Die Skepsis gegenüber solchen Polizeiberichten wurde verstärkt, als bekannt wurde, dass nachmittags an der Galopprennbahn eine Person als polizeilicher Spitzel verdächtigt und der Polizei übergeben worden war. Demonstrierende berichteten, eine kleine Gruppe von vier Personen, zu der dieser Spitzel gehörte, hätte zu Steinwürfen gegen die Polizei aufgefordert. 36 Stunden lang leugnete die Polizei, dass ein Beamter in szenetypischer Kleidung an den Blockaden beteiligt war. Erst am 8. Juni 2007 gab sie in der Pressemitteilung 90 zu, dass "innerhalb der Blockade vor der Kontrollstelle Galopprennbahn ein in Zivil eingesetzter Beamter aus der Hansestadt Bremen von anderen Blockadeteilnehmern" enttarnt wurde. Abgestritten wurde, dass der Zivilbeamte den Auftrag hatte, "andere Blockadeteilnehmer zur Begehung von Straftaten und Störungen" anzustiften. Es handelte sich um einen Bremer Polizeibeamten einer Beweissicherungs- und Festnahmeeinheit. Selbst dieser Einsatz wird zum "Bestandteil der Deeskalationsstrategie" erklärt, der "ausschließlich der beweiskräftigen Feststellung von Gewalttätern" diene.

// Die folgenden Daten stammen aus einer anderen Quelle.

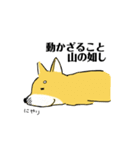 柴犬ボスの気ままな日常（個別スタンプ：16）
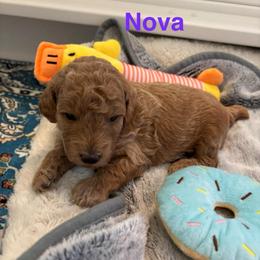 Nova - Apricot female Poodle puppy in Union Grove, Alabama from Beltane Bonnies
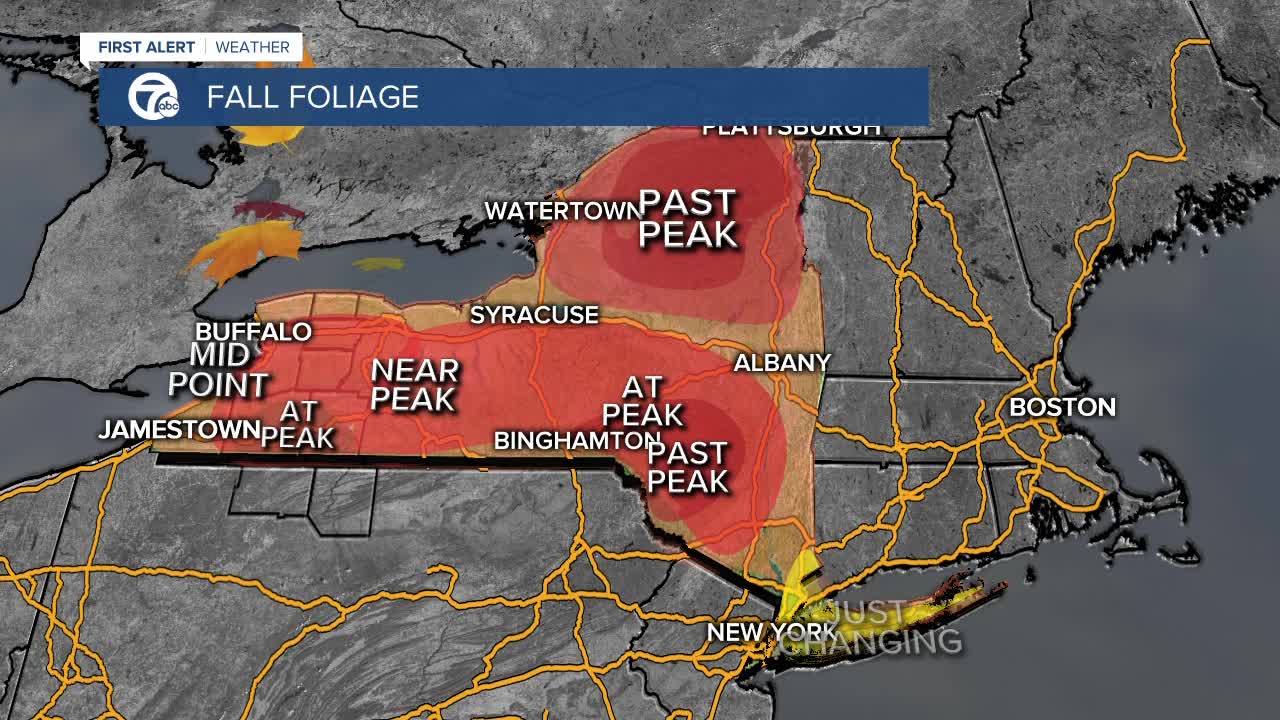 7 First Alert Forecast 1007 5PM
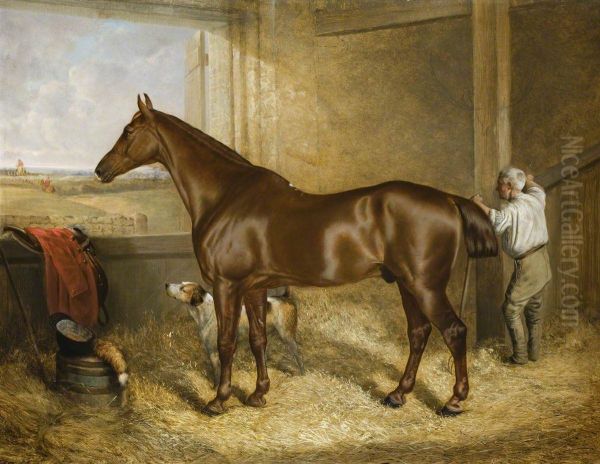 'Emperor' in his Stall - view 1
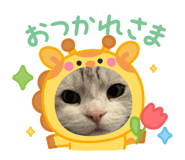 842685199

Polizeiliche Berichte von "Säure" spritzenden Clowns, von "Autonomen", die Äpfel mit Rasierklingen und Nägeln gespickt hätten, um Polizeibeamte damit zu bewerfen, wurden von den Journalisten zunehmend genauer geprüft und konnten nicht bestätigt werden.
Diese Art polizeilicher Berichterstattung spielte jedoch trotz ihrer Widerlegung eine entscheidende Rolle beim Bundesverfassungsgericht. Dieses bestätigte das weitgehende Demonstrationsverbot - trotz Bedenken gegen die Allgemeinverfügung - gerade auch aufgrund der polizeilichen Falschdarstellungen und den Medienberichten von der Großdemonstration.